◆ **Your instructions**: Take the line that contains "Joe Morgan Signed" and each one after it through the last line below, and retype them exactly. Leave out the pictures.

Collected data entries
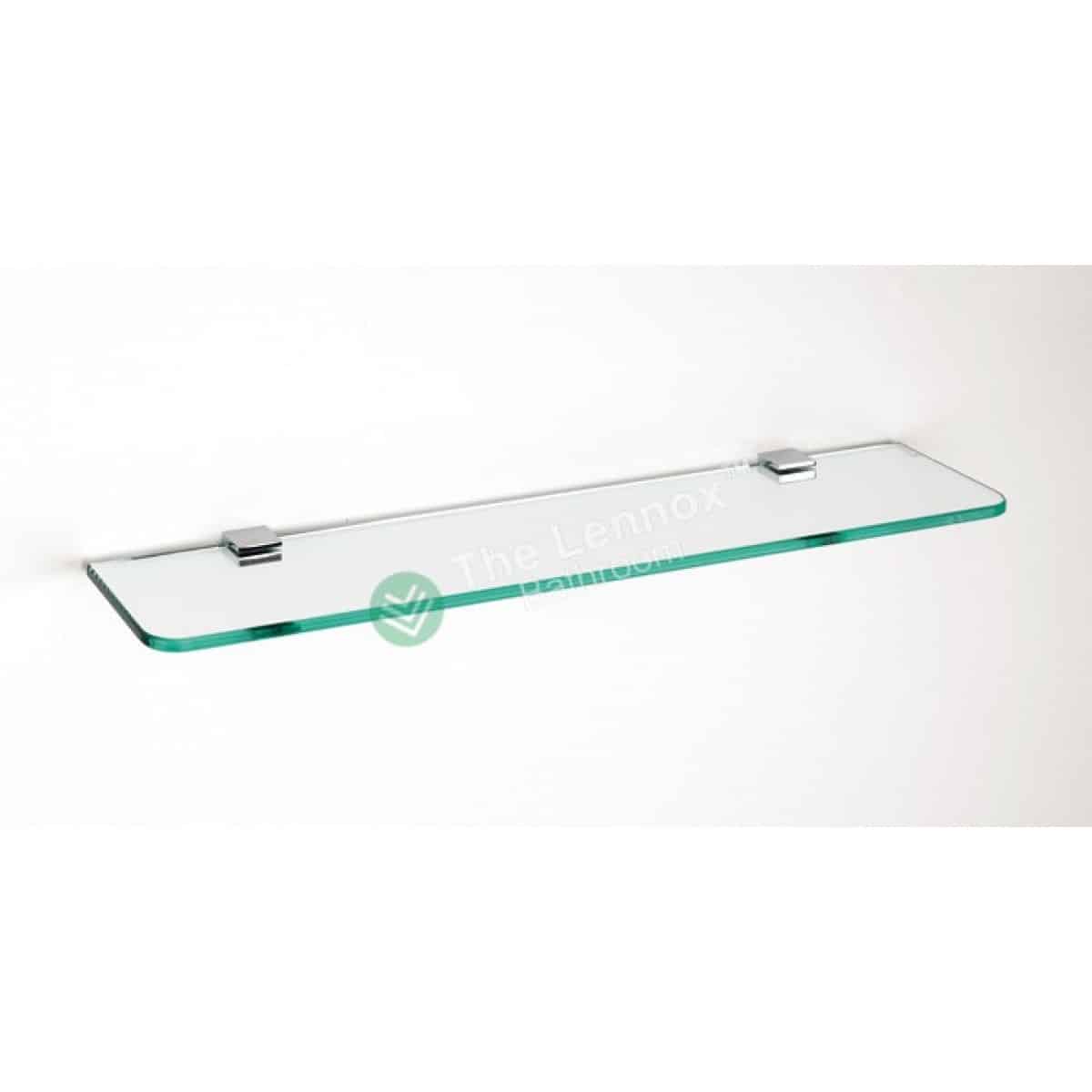 Glass Shelf - Square Hung  Series R805 120X300Mm, Bathroom Accessories - Nz Depot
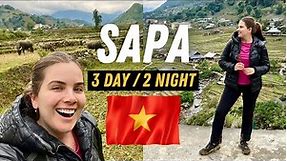 Epic Trek + Homestay In Sapa, Vietnam | What To Know BEFORE You Go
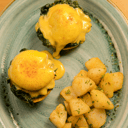 Foto de Huevos Benedictine con Espinaca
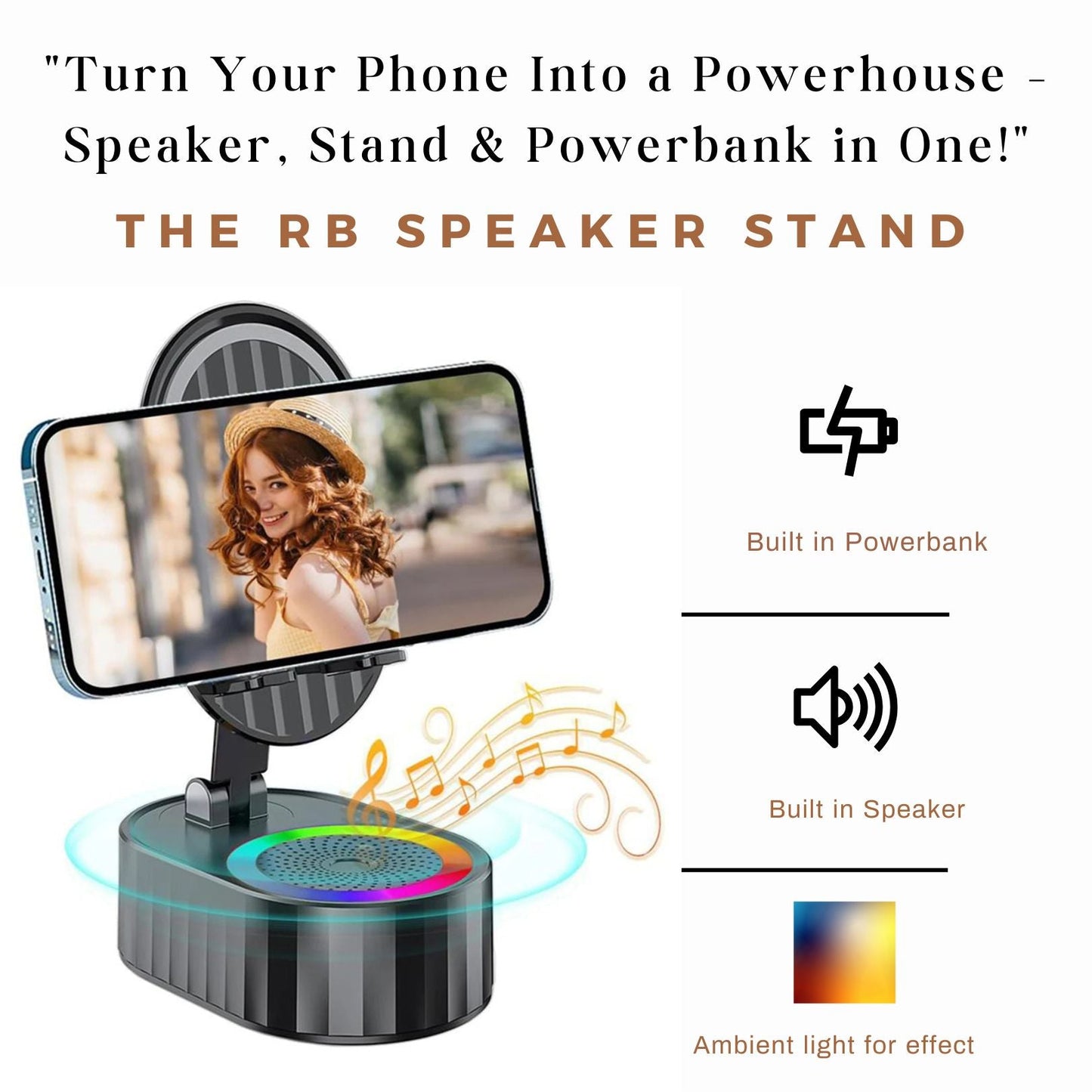 5 IN 1 DJ FLIP 2.0 INDUCTION SPEAKER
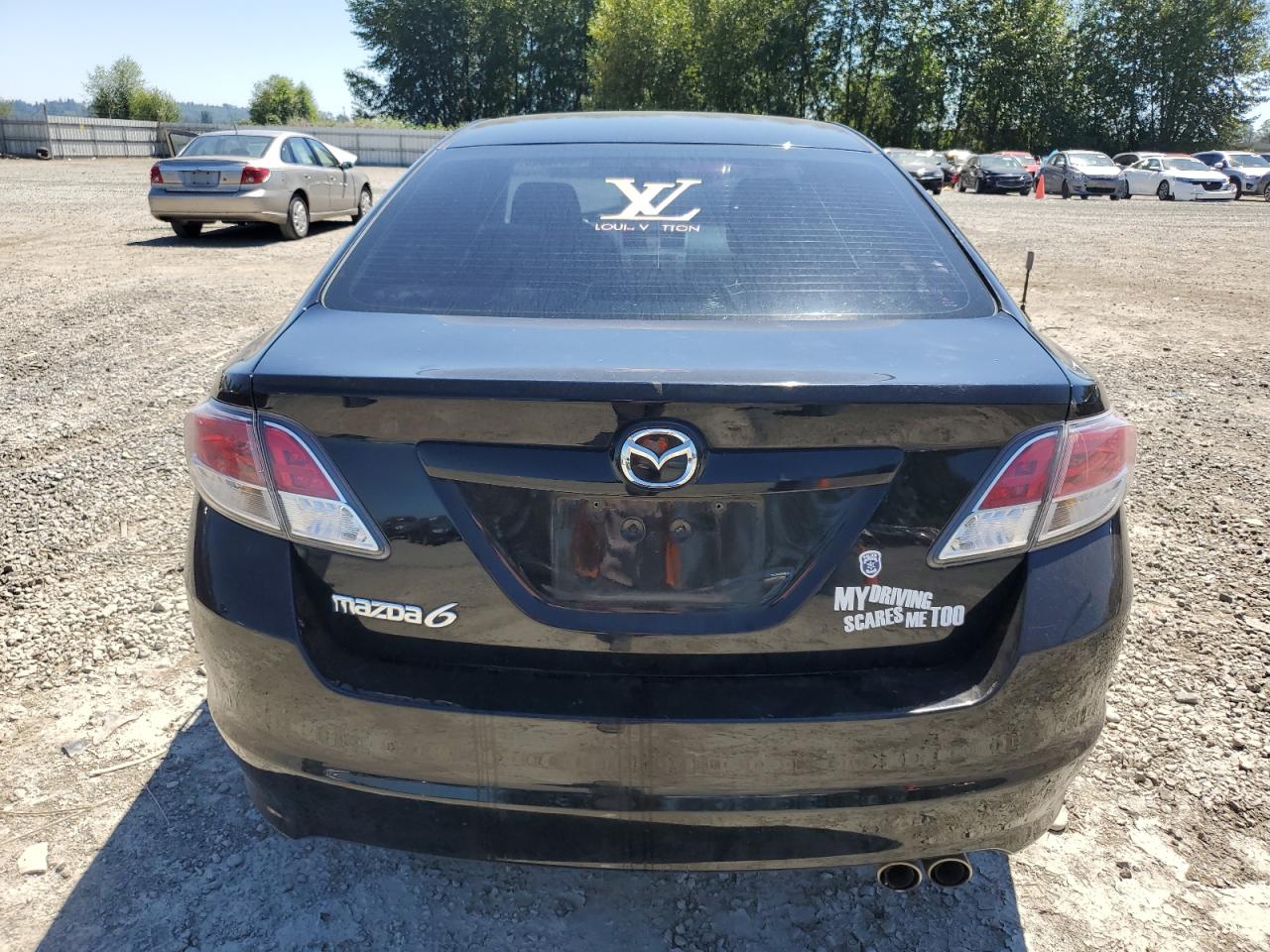 2012 Mazda 6 I VIN: 1YVHZ8DH8C5M25345 Lot: 62545344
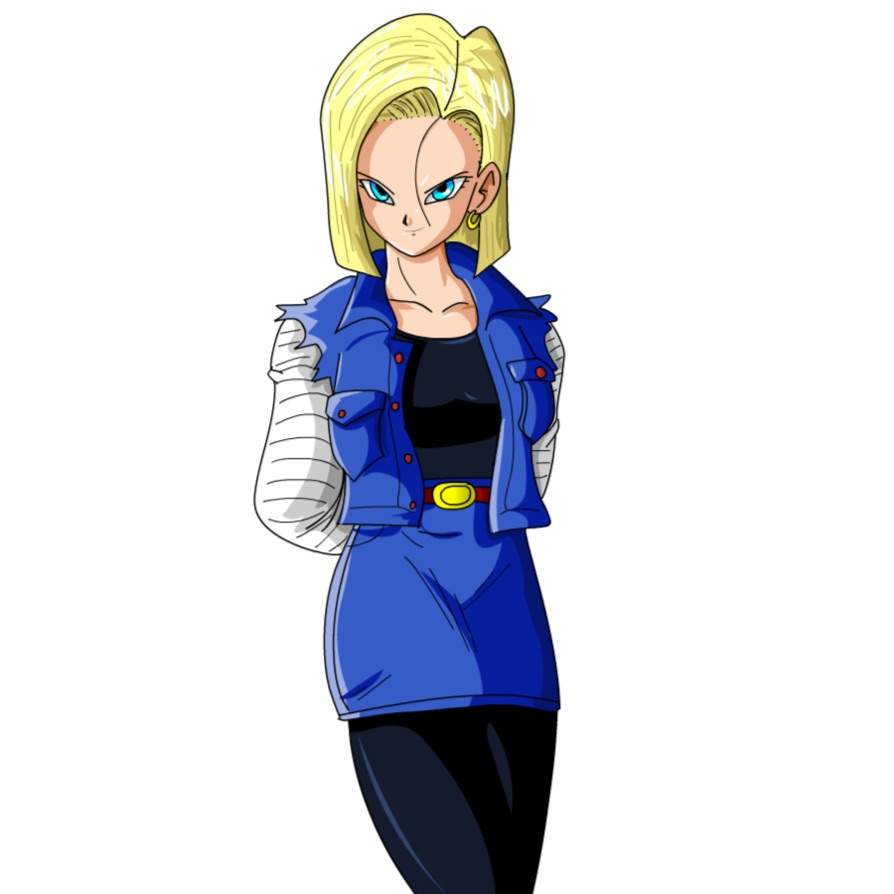 Android 18 With Big Boobs video passionate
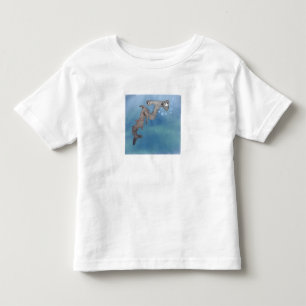 Squiggy Shark 🦈 Toddler T-Shirt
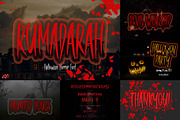 Halloween Font Bundle SALE!!, a Font by NTC Graphic (Thumbnail 8 of 17)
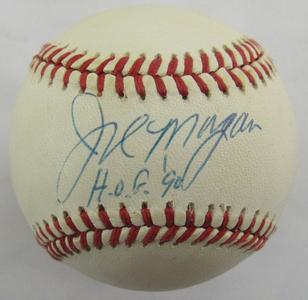 Joe Morgan Signed Rawlings Baseball JSA EE90394 Free Shipping Clearance Store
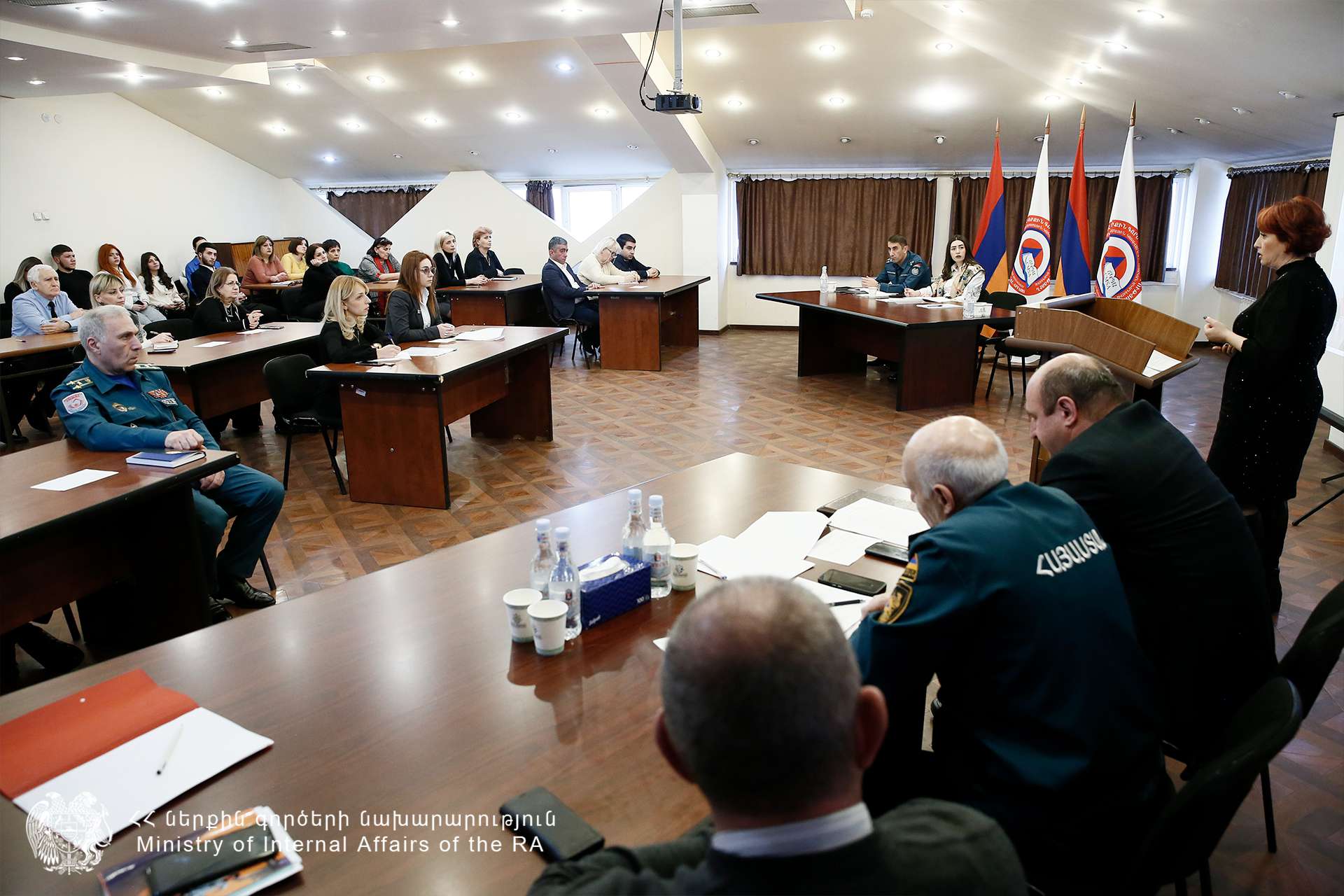 Կայացել է ՆԳՆ Ճգնաժամային կառավարման պետական ակադեմիայի խորհրդի նիստը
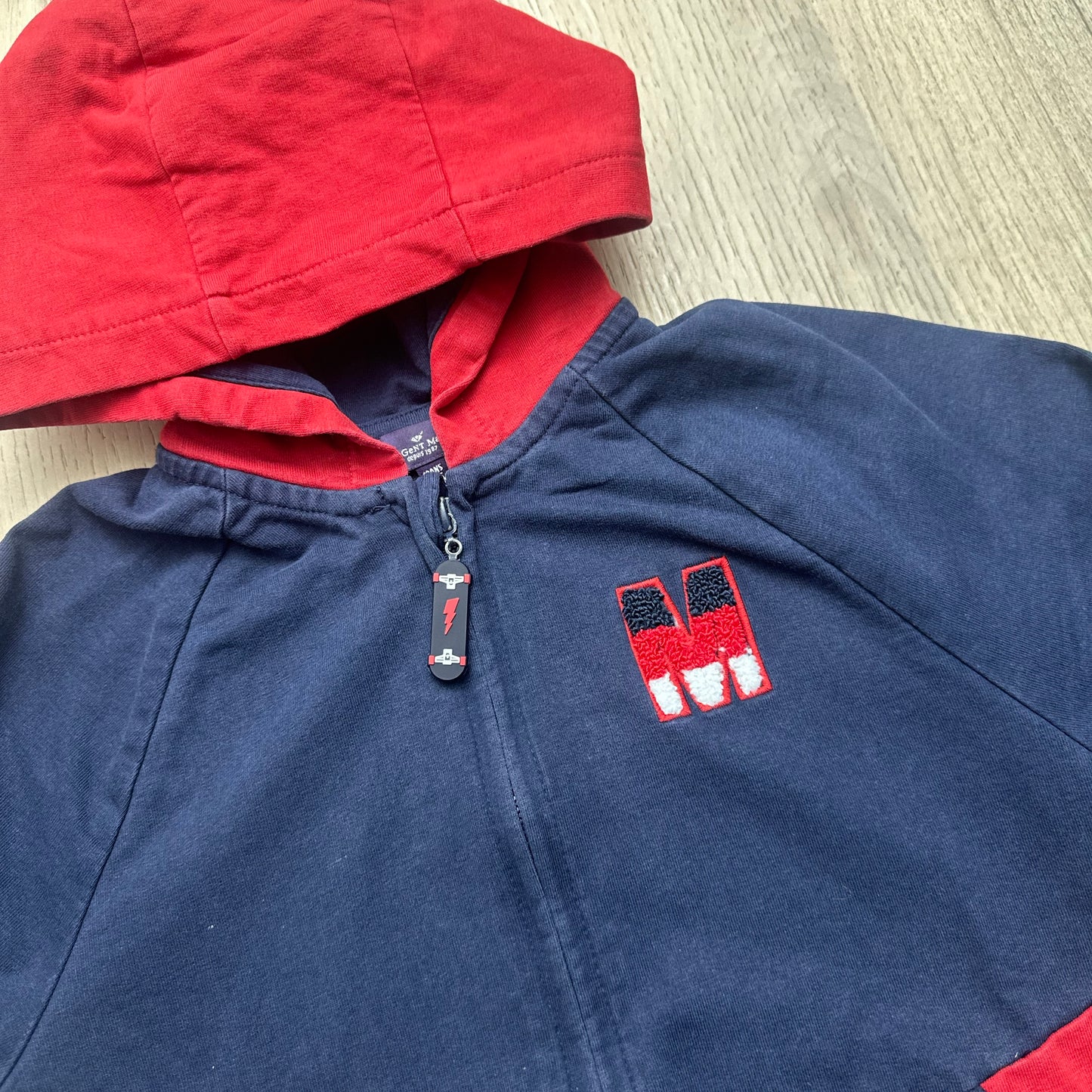 Gilet Sergent Major : 10 ans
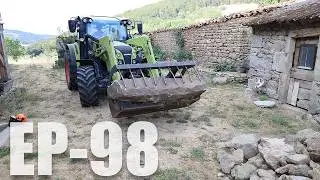 I'm rebuilding our stone chicken coop... 200 years later! (EP-98)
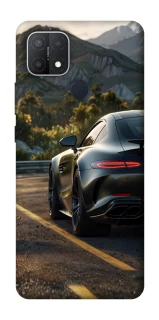 Чохол на Oppo A15s / A15 Car in the mountains фото 1 з 1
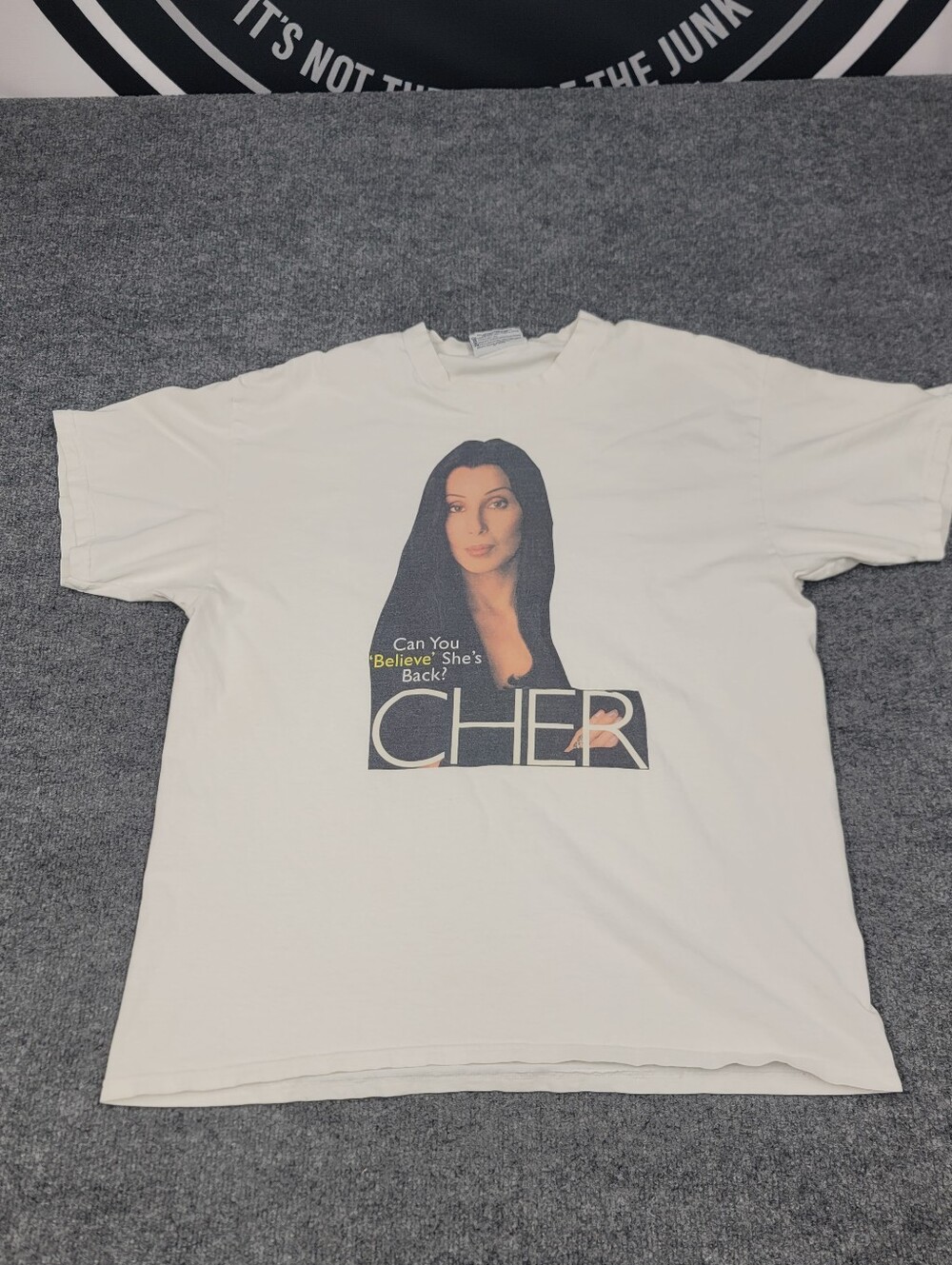 Vintage 1999 Cher Believe Tour Concert Shirt Lee Total Cotton Size Large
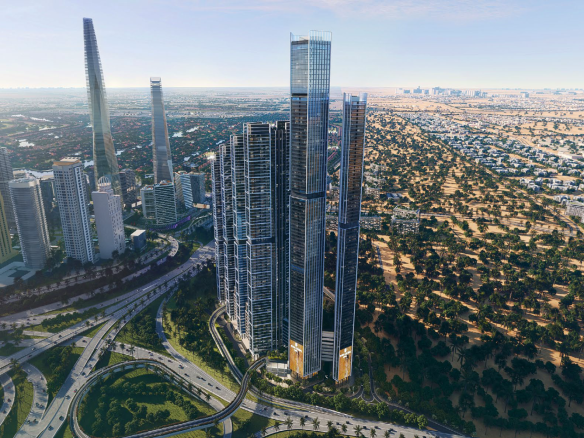 THE PINNACLE AT SOBHA CENTRAL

◆ **Finished task**:
 Joe Morgan Signed Rawlings Baseball JSA EE90394 Free Shipping Clearance Store
 Կայացել է ՆԳՆ Ճգնաժամային կառավարման պետական ակադեմիայի խորհրդի նիստը
 Gilet Sergent Major : 10 ans
 I'm rebuilding our stone chicken coop... 200 years later! (EP-98)
 Чохол на Oppo A15s / A15 Car in the mountains фото 1 з 1
 Vintage 1999 Cher Believe Tour Concert Shirt Lee Total Cotton Size Large
 THE PINNACLE AT SOBHA CENTRAL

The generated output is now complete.